**WHAT IS REQUIRED:**
Every line from the one containing "Keep Collective silver" to the end of the records below should be returned exactly; pictures are to be dropped.

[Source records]

Content starts

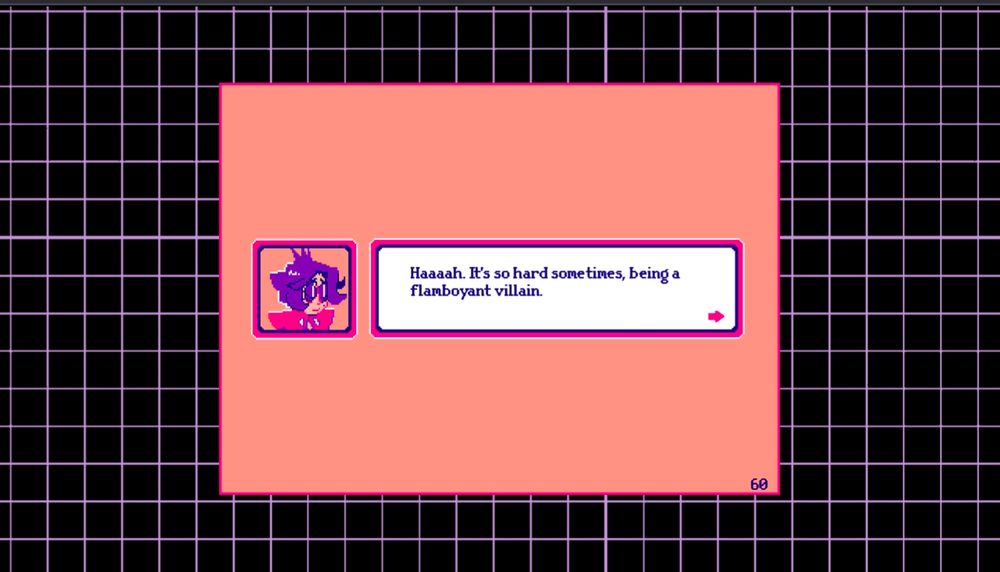 Royal:"Haaah. It's so hard sometimes, being a flamboyant villain."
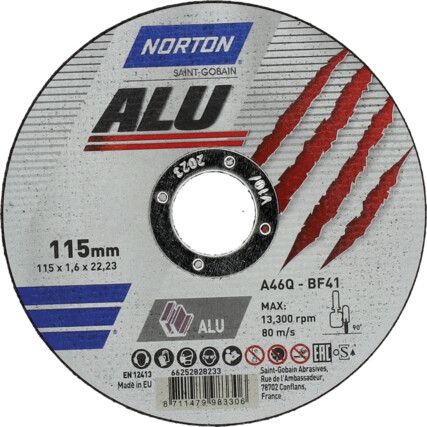 ALUMINIUM ULTRA THIN CUTTING DISC 115X1.6X22.23mm (PK-25)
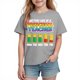 thumbnail image 2 of Blusas y camisas de manga corta con cuello redondo para niños y niñas, camisetas gráficas de manga corta, blusas con estampados bonitos para la temporada escolar., 2 of 9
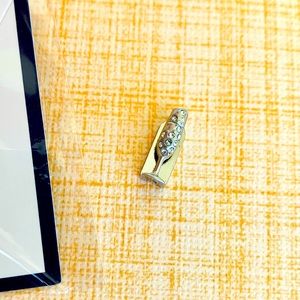 Keep Collective silver pave champagne flute charm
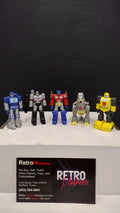 G1 Transformers: Dollar Tree Exclusive Mini-Figure Set – Lot of 5 (Loose)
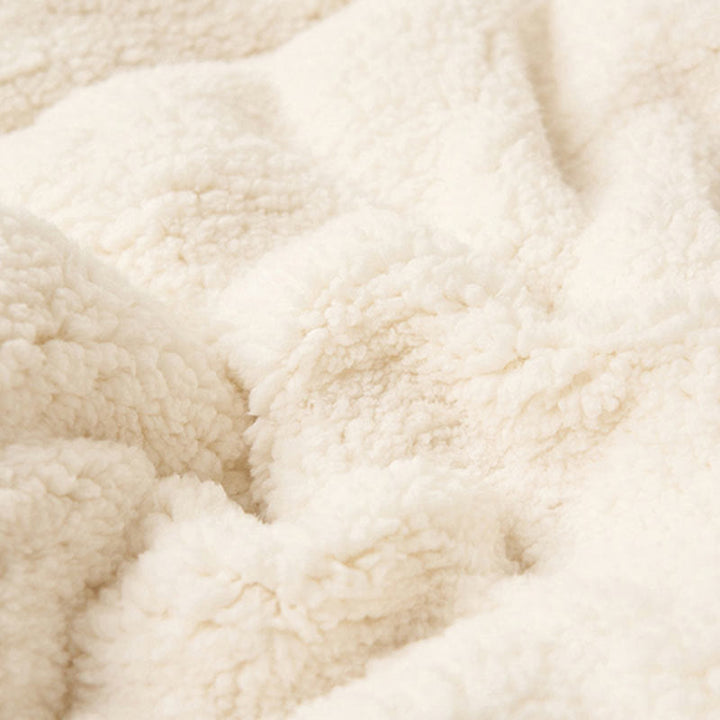 Lisslune | Solid thick double-sided velvet cube blanket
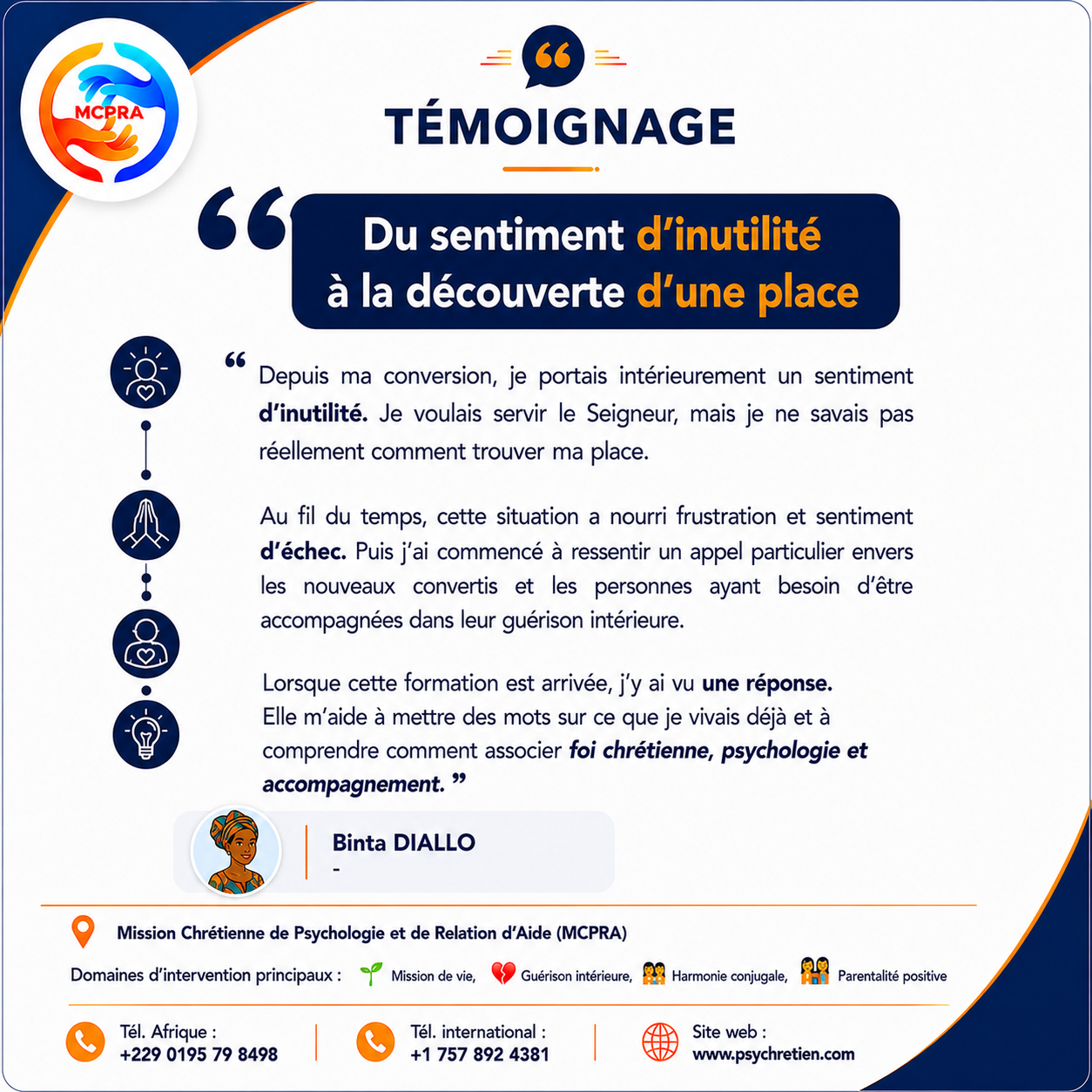 Avis en image — témoignage formation MCPRA 7
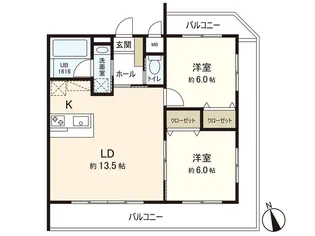 LeChouChou【2階】の間取り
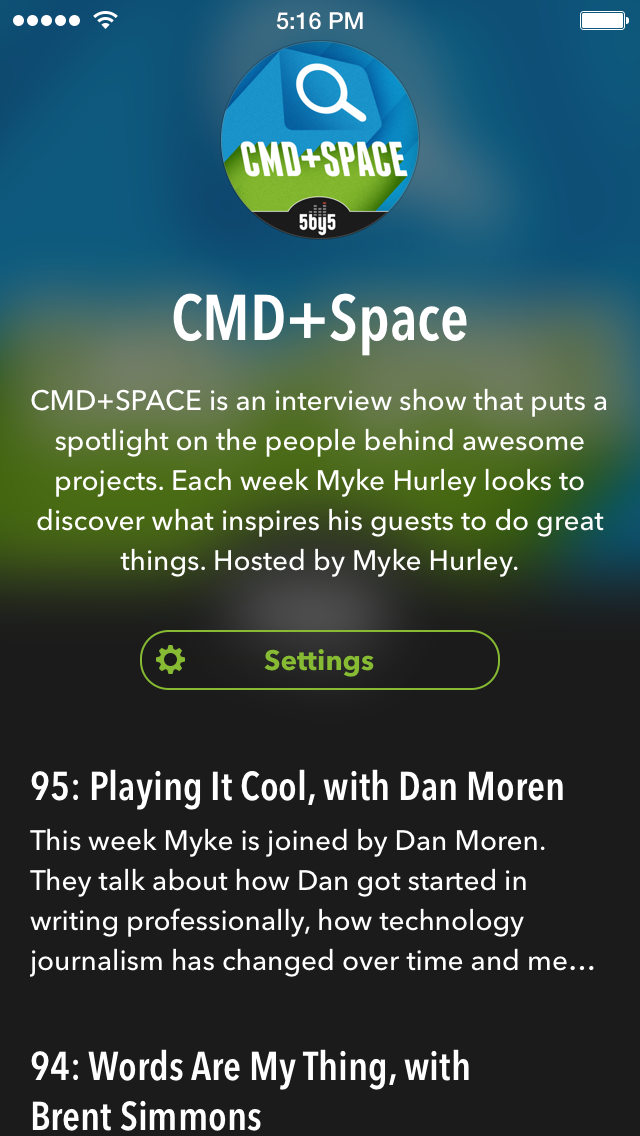 Castro 1.1 for iOS (iPhone screenshot 002)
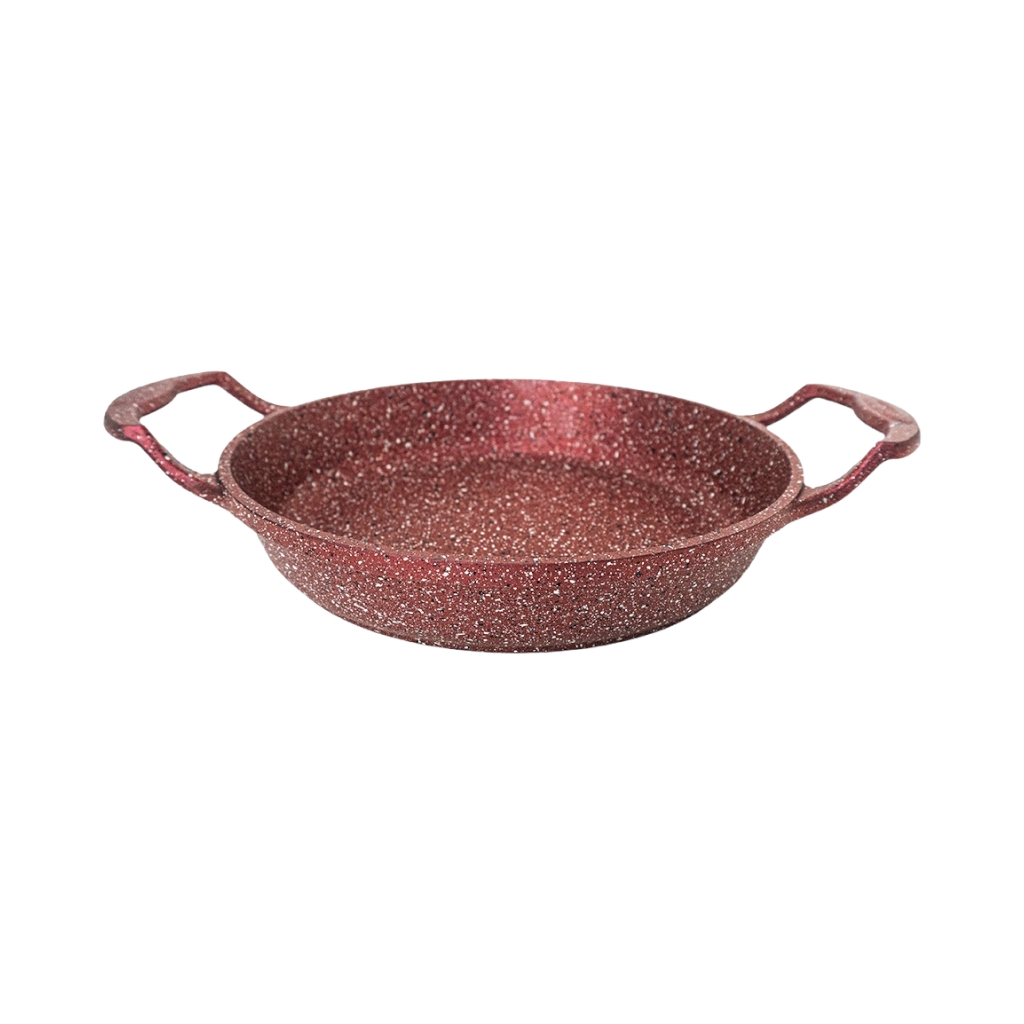 OMS32482D225FR231.jpg GRANITE EGG PAN 22CM -RED - Image 1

Content ends

**TASK RESULT:**
 Keep Collective silver pave champagne flute charm
 G1 Transformers: Dollar Tree Exclusive Mini-Figure Set – Lot of 5 (Loose)
 Lisslune | Solid thick double-sided velvet cube blanket
 Avis en image — témoignage formation MCPRA 7
 LeChouChou【2階】の間取り
 Castro 1.1 for iOS (iPhone screenshot 002)
 OMS32482D225FR231.jpg GRANITE EGG PAN 22CM -RED - Image 1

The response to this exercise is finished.